Material for the task>
•••••

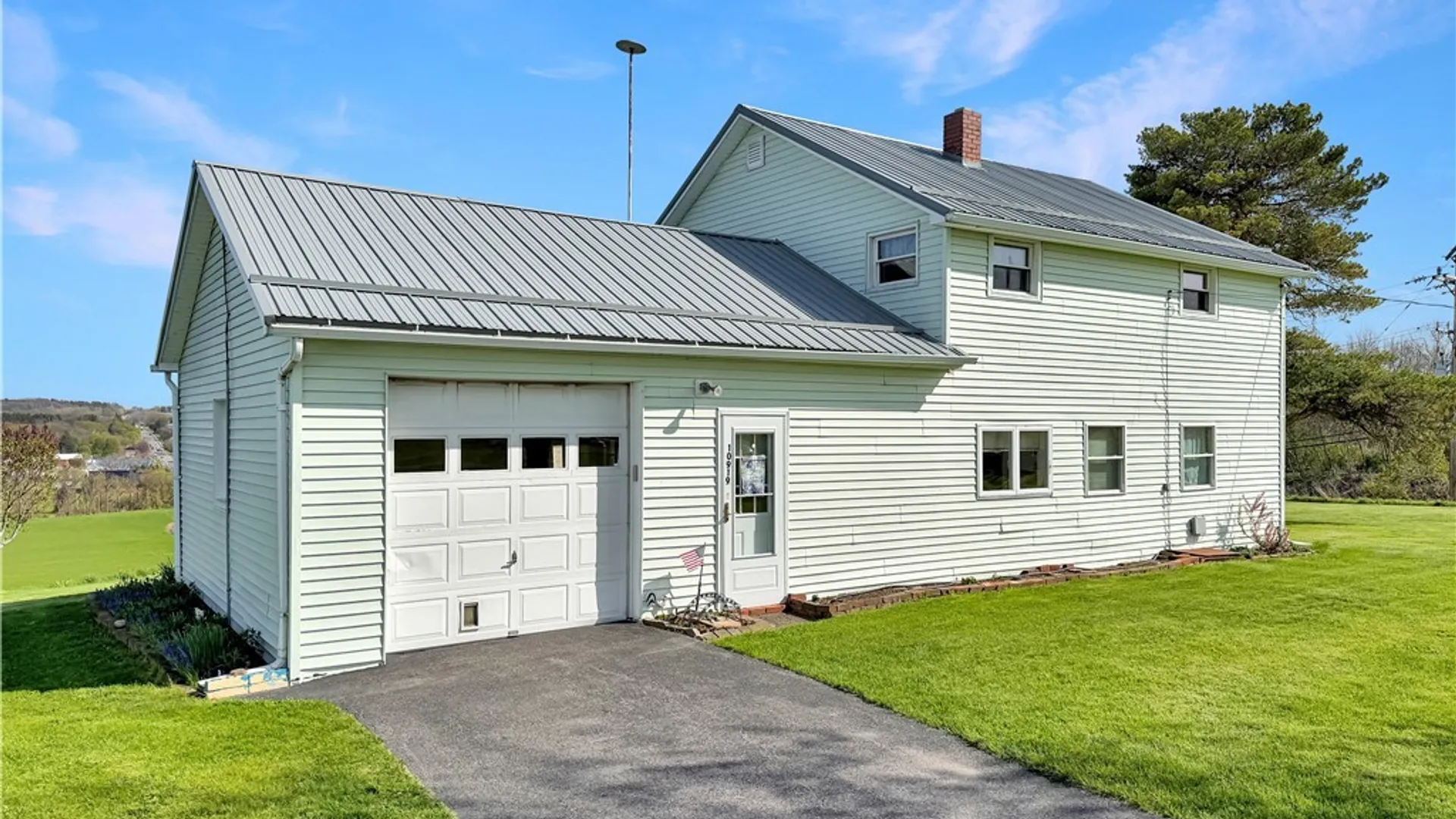 Property at 10919 Cook Road, Pavilion, NY 14525 3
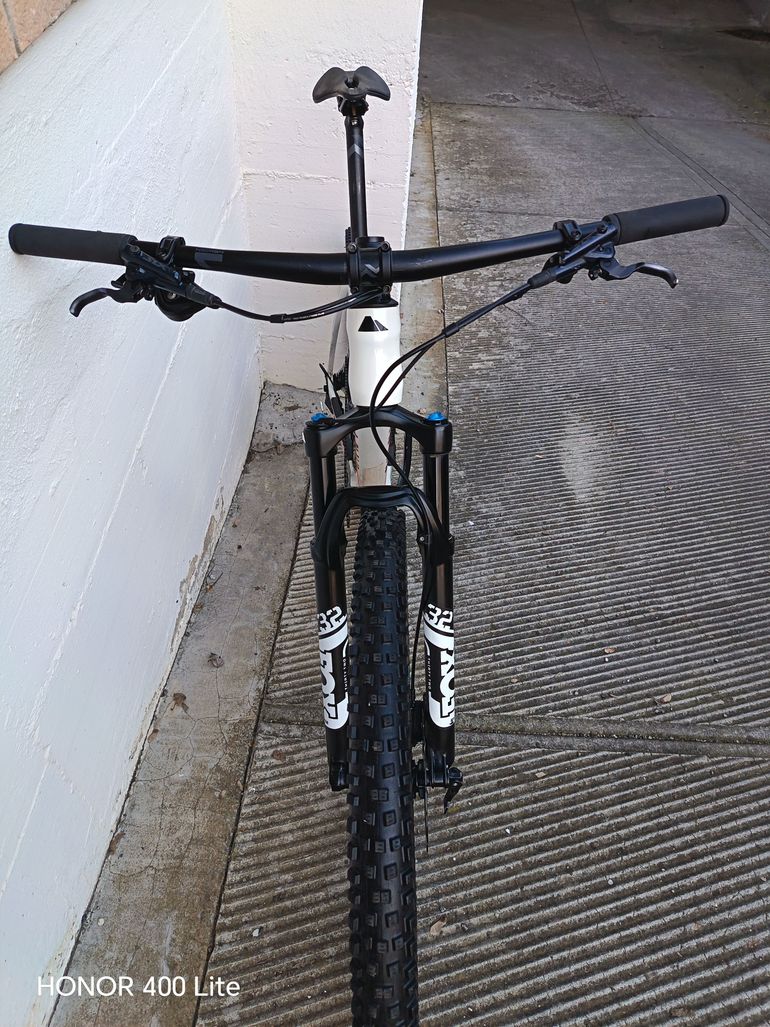 Used Canyon Exceed CF 6 2022 2022 Mountainbike, White, 29 — image 3 of 4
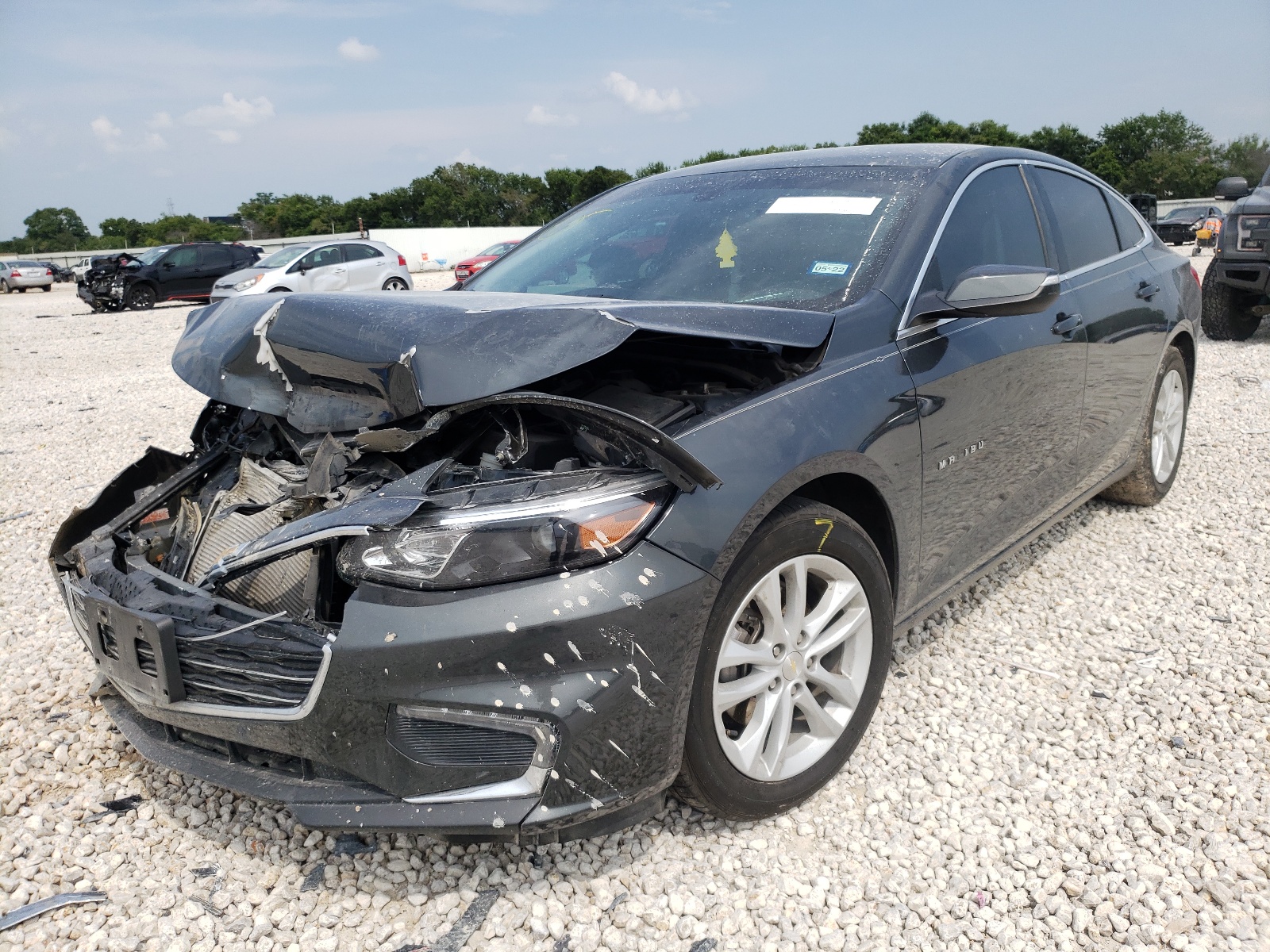 Photo 2 from auction – 2018 CHEVROLET MALIBU LT with VIN 1G1ZD5ST4JF209118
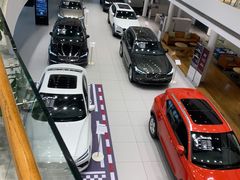 -杭州中沃沃尔沃4S店(滨江区店)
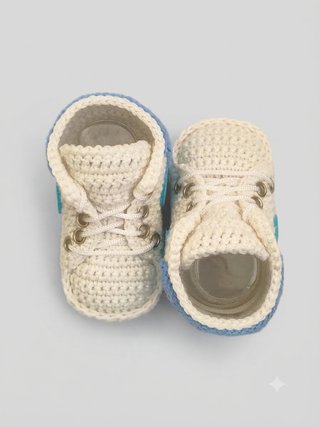 Scarpette neonato fatte a mano stile Nike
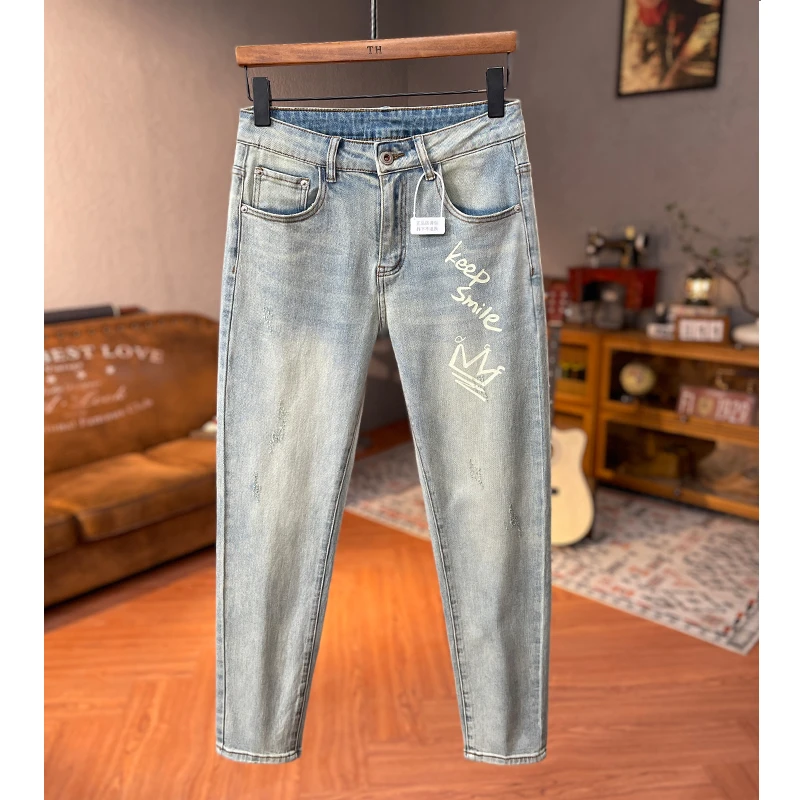 时尚印花复古浅色水洗软牛仔裤男士春夏款高端潮牌弹力修身小脚裤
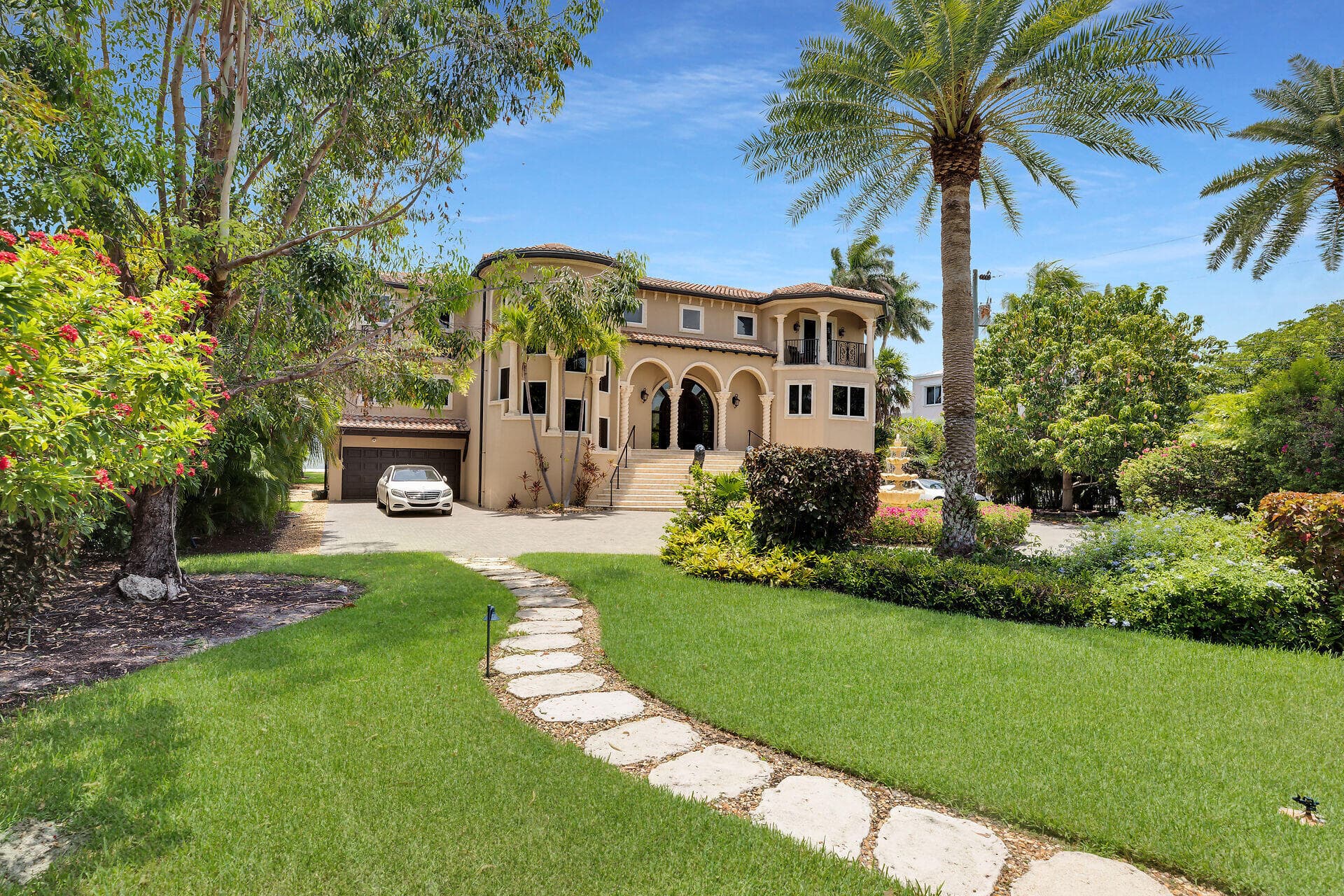 119 Coco Plum Drive photo 6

•••••

What the exercise asks> Leaving out only the pictures, retype every record exactly.

Output of the exercise>
 Property at 10919 Cook Road, Pavilion, NY 14525 3
 Used Canyon Exceed CF 6 2022 2022 Mountainbike, White, 29 — image 3 of 4
 Photo 2 from auction – 2018 CHEVROLET MALIBU LT with VIN 1G1ZD5ST4JF209118
 -杭州中沃沃尔沃4S店(滨江区店)
 Scarpette neonato fatte a mano stile Nike
 时尚印花复古浅色水洗软牛仔裤男士春夏款高端潮牌弹力修身小脚裤
 119 Coco Plum Drive photo 6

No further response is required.